Andrey Matveyev

Posted on Jun 8 • Edited on Jun 10

Parallel Traversal of Recursive Structures in Go.

#go #development #architecture #github

A Flexible Approach Without Stack Issues

Introduction

In the world of programming, we often encounter the task of processing data represented as recursive or hierarchical structures – be it a file system, XML/JSON trees, graph data structures, or object hierarchies. Traditional recursive traversal, while intuitive, has its limitations, especially in high-load systems or very deep structures, where it can lead to stack overflow. Moreover, synchronous traversal often inefficiently utilizes computational resources, particularly with I/O-bound operations.

In Go, with its powerful concurrency model based on goroutines and channels, we can implement an elegant and scalable approach to parallel processing of recursive structures that completely eliminates stack depth issues and efficiently parallelizes tasks.

In this article, we will delve into the architecture of such a solution. To manage the flow of tasks between parallel processors, we will utilize a flexible queue, which you can read more about in my previous publication. As a practical example, we will implement a parallel file system traversal to output a list of files and their sizes from a specified directory of arbitrary depth.

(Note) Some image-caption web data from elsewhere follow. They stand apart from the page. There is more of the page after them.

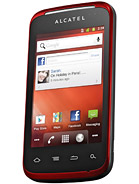 Best available price of alcatel OT-983 in Singapore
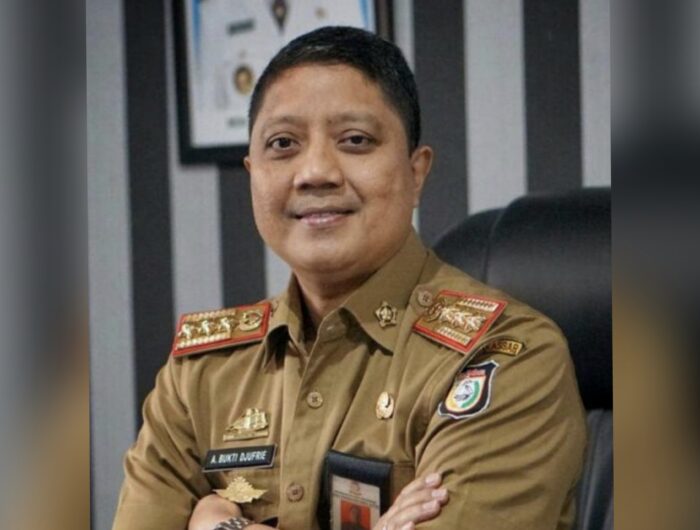 Program 100 Hari Kerja: Pemkot Makassar Kucurkan Rp11,49 Miliar untuk Seragam Gratis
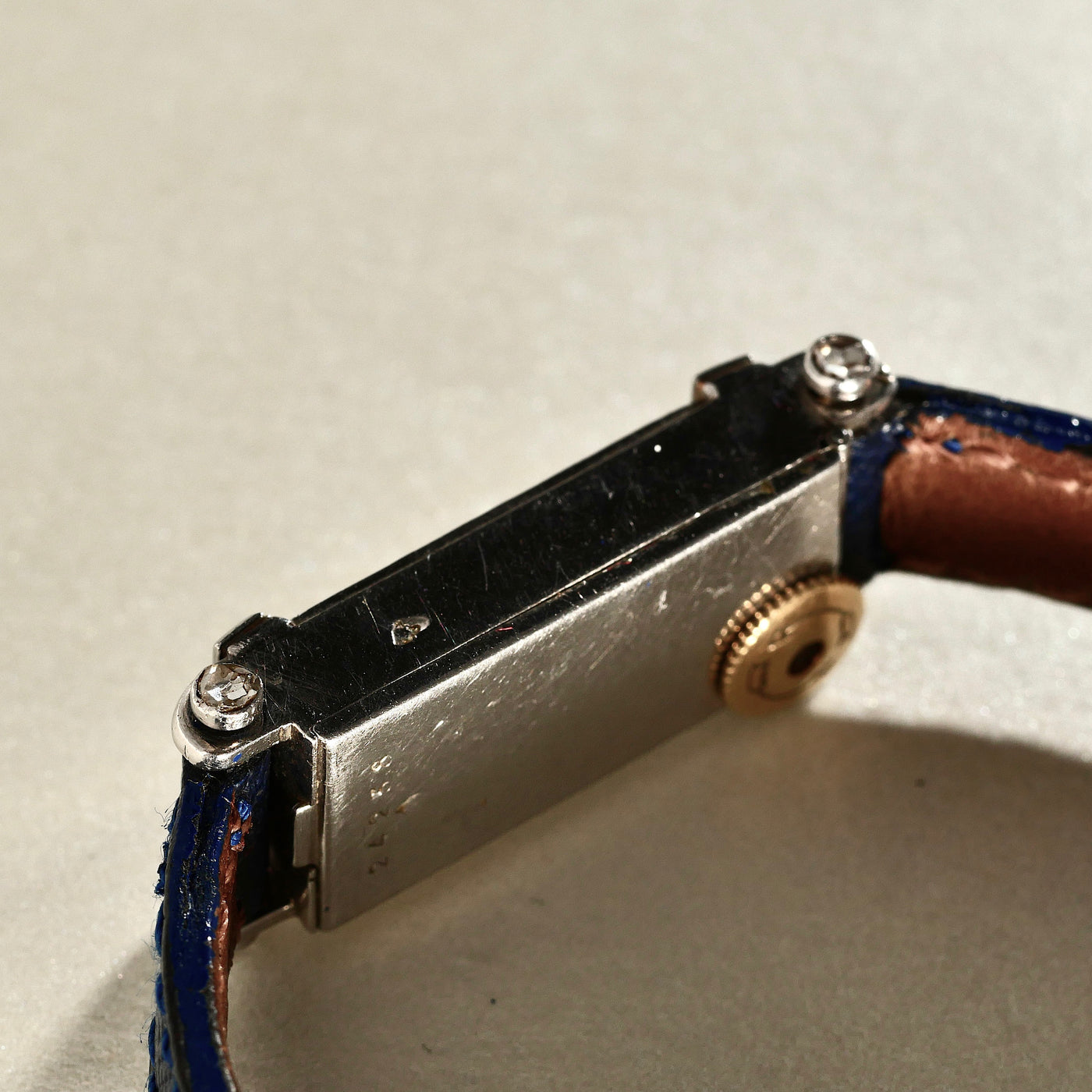 Cartier Duo Plan Libre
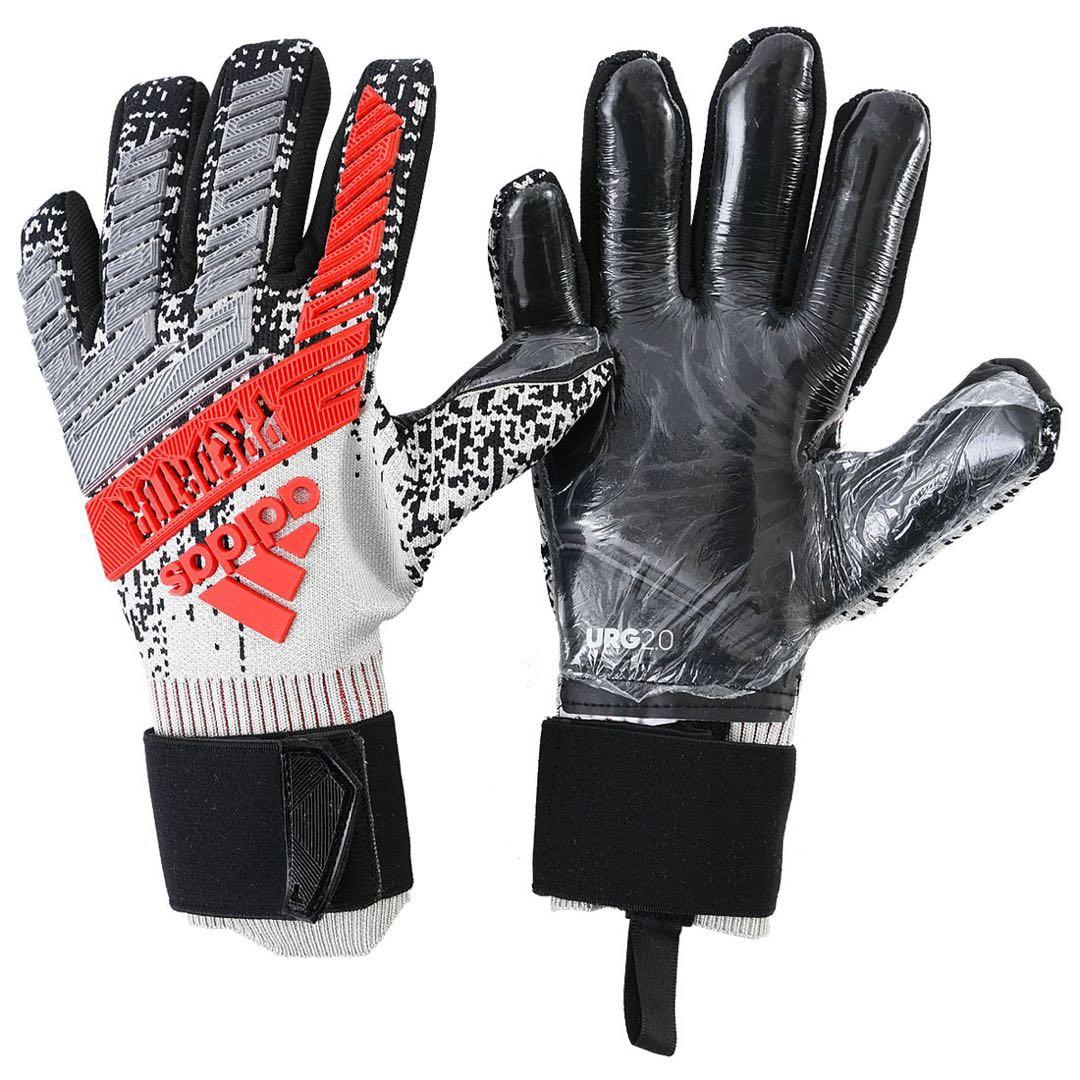 今ではほぼ手に入らない代物】プレデターURG2.0 プロモ 9号 - メルカリ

The Challenge of Traditional Recursion and the Go Solution

Classic recursive calls, where a function calls itself to process subtasks, are well-suited for structures with shallow depth. However, if the recursion depth becomes too great (e.g., when traversing a file system with thousands of nested directories), the operating system might allocate insufficient memory for the call stack, leading to a stack overflow error and program termination.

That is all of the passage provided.